Why do you need a reason? You have graduated, you moved on with your life, and you are out of the loop. If it's "required" and you don't have it, it could certainly be a problem, but, if the letter isn't going to help you, you already have a problem. At most schools, though, whether they are preferred or required, people on SDN have reported success without them.
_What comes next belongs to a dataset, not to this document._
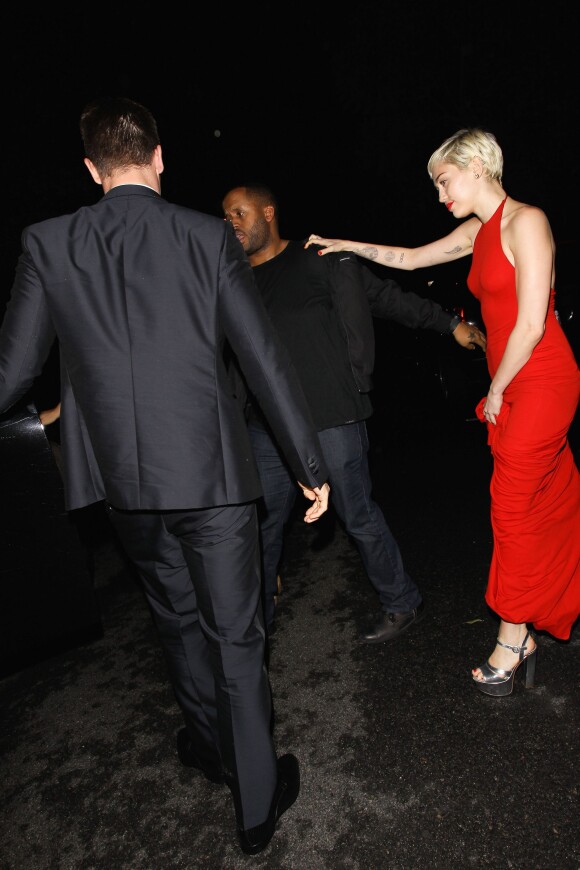 Miley Cyrus dans une belle robe rouge s'accroche à son garde du corps alors qu'elle quitte le bar à cocktails Hooray Henry's à Los Angeles avec son petit copain Patrick Schwarzenegger, le 7 février 2015.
Seriously, though, I'd ask for an appointment with the person in charge of pre-med advising and ask for an honest assessment. You might not realize how good your letter might be, or how whatever stratification your committee performs will impact you. Hopefully, they'll be honest with you. If you go back to the general advice
@Goro and
@gonnif love to repeat over and over and over, we all start out rejected and schools are just looking for reasons to knock out 80%+ of us in order to make their jobs more manageable. I am absolutely not motivated to help them at all in that pursuit.
🙂
If a committee letter is going to put you in the bottom half of applicants from your school (or, maybe, even outside the top 25%), I don't see how it would help, unless you have some powerful hook that would cause a school to read the committee letter and still want to meet you, and I'd just as soon take my chances without it. Keep in mind, I doubt you'll ever get to see the actual letter (unless you don't sign the waiver, which creates a whole other set of problems), so the closest you'll come to knowing whether or not it is decent will be if your advisor is willing to share how they think yours will shake out based on what they know about you.